Corybas circinatus

Scientific classification
- Kingdom: Plantae
- Clade: Tracheophytes
- Clade: Angiosperms
- Clade: Monocots
- Order: Asparagales
- Family: Orchidaceae
- Subfamily: Orchidoideae
- Tribe: Diurideae
- Genus: Corybas
- Species: C. circinatus
- Binomial name: Corybas circinatus D.N.Tandang & R.Bustam.

= Corybas circinatus =

- Genus: Corybas
- Species: circinatus
- Authority: D.N.Tandang & R.Bustam.

Species of flowering plant

Corybas circinatus is a species of flowering plant from the family Orchidaceae endemic to ultramafic habitats on the island of Palawan, Philippines, The endemic helmet orchid was first photographed at Mount Victoria in June 2007. This species is distinct in bearing a small glandular protuberance at the front of its pedicel, a 4-lobed entire labellum, and a distinctive strongly incurved dorsal sepal.
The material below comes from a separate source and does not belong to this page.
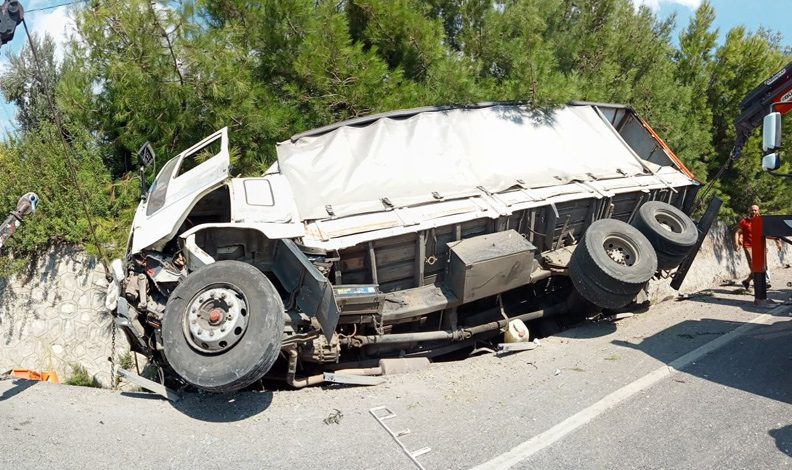 İzmir’de freni boşalan kamyon devrildi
The general colouration of the floral and vegetative parts is also highly characteristic, and the general lowland to mid-montane ecology of the species is unique amongst the known Philippines Corybas. The research was initiated by the Philippine Taxonomic Initiative, Inc.

Corybas circinatus is the second of its species found on the island province of Palawan.